- Born: October 15, 1818 Westford, New York, U.S.
- Died: December 1, 1847 (aged 29)
- Education: Yale University
- Occupation: Newspaper editor
- Years active: 1840–1847
- Known for: Founding the American Whig Review
- Political party: Whig Party

= George H. Colton =

19th century American newspaper editor

George Hooker Colton (October 15, 1818 – December 1, 1847) was an American newspaper editor who founded The American Review: A Whig Journal in 1844. Colton served as the American Whig Reviews editor from 1844 until his death in 1847, publishing from New York City. After Colton's death, James Davenport Whelpley took over as chief editor.

== Early life ==
George Hooker Colton was born in Westford, New York on October 15, 1818.

Colton attended Yale University and graduated in 1840. After graduating, Colton was briefly a teacher in New Haven, Connecticut before publishing his poem "Tecumseh".

== American Whig Review ==
George Colton founded The American Review: A Whig Journal in 1844 as a monthly periodical published by Wiley and Putnam. Colton was a Whig and founded the review to further the Whig Party's political objectives.

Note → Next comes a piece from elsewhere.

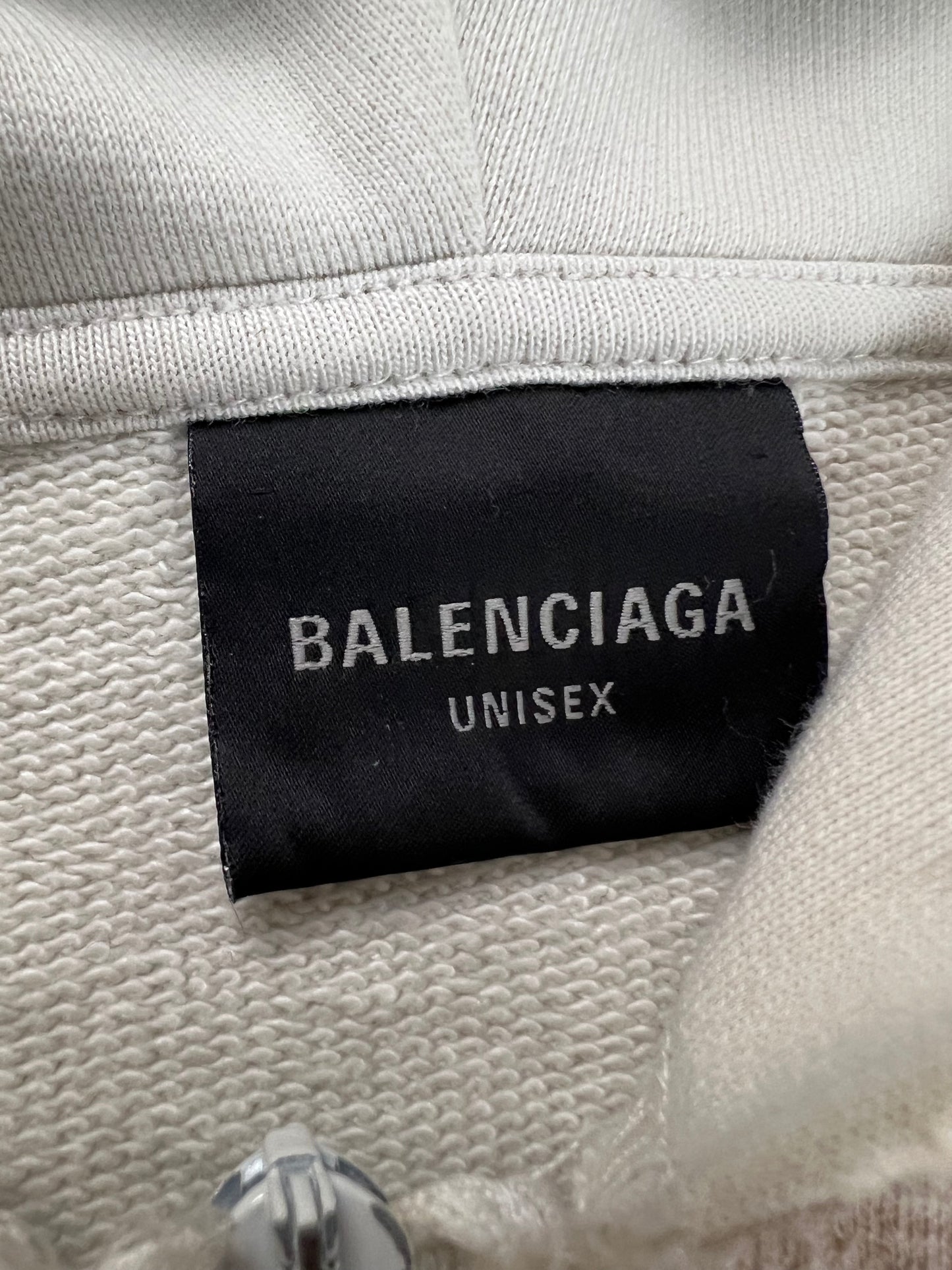 Balenciaga Muddy DIRTY Distressed Zip-up POLO Hoodie PHOTO Sample SZ:OS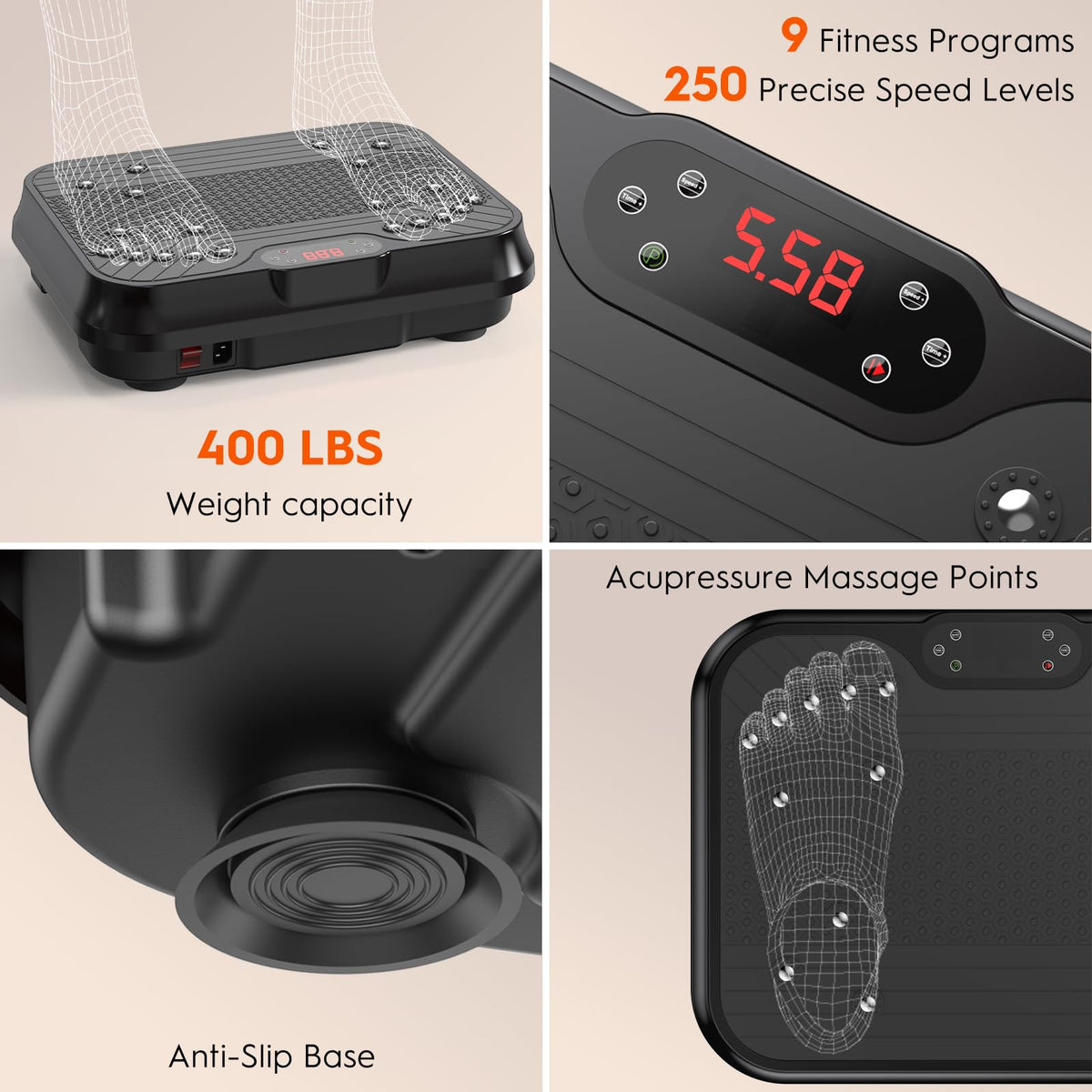 Vibration Plate Exercise Machine X832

The American Review first published in Autumn 1844 but was serialized starting in January 1845.

=== Relationship with Edgar Allan Poe ===
In February 1845, Edgar Allan Poe sold his famous poem "The Raven" to Colton's journal after Poe's friend George Rex Graham declined to publish it. Poe continued to publish his poems and other writings through Colton, including the short stories "Some Words with a Mummy" and "The Facts in the Case of M. Valdemar".

The literary relationship between Poe and Colton continued when, in May 1846, Poe harshly critiqued Colton's poem "Tecumseh". Poe called "Tecumseh" "insufferably tedious", however, Poe offered a shining review of Colton's American Review in the same breadth.

=== Mexican-American War ===
In the January 1847 edition of The American Review, one of his last, Colton sharply criticized President James K. Polk over the Mexican–American War. Colton, previously supportive of President Polk, turned against his administration, declaring "[W]e are sick of following the president through the sort of defence he has ventured to set up for invading Mexico."

== Death ==
George Hooker Colton died December 1, 1847, remaining The American Reviews "able editor" until death. Colton's death was announced in the subsequent edition of The American Review, where longtime colleague James Davenport Whelpley pledged to succeed Colton.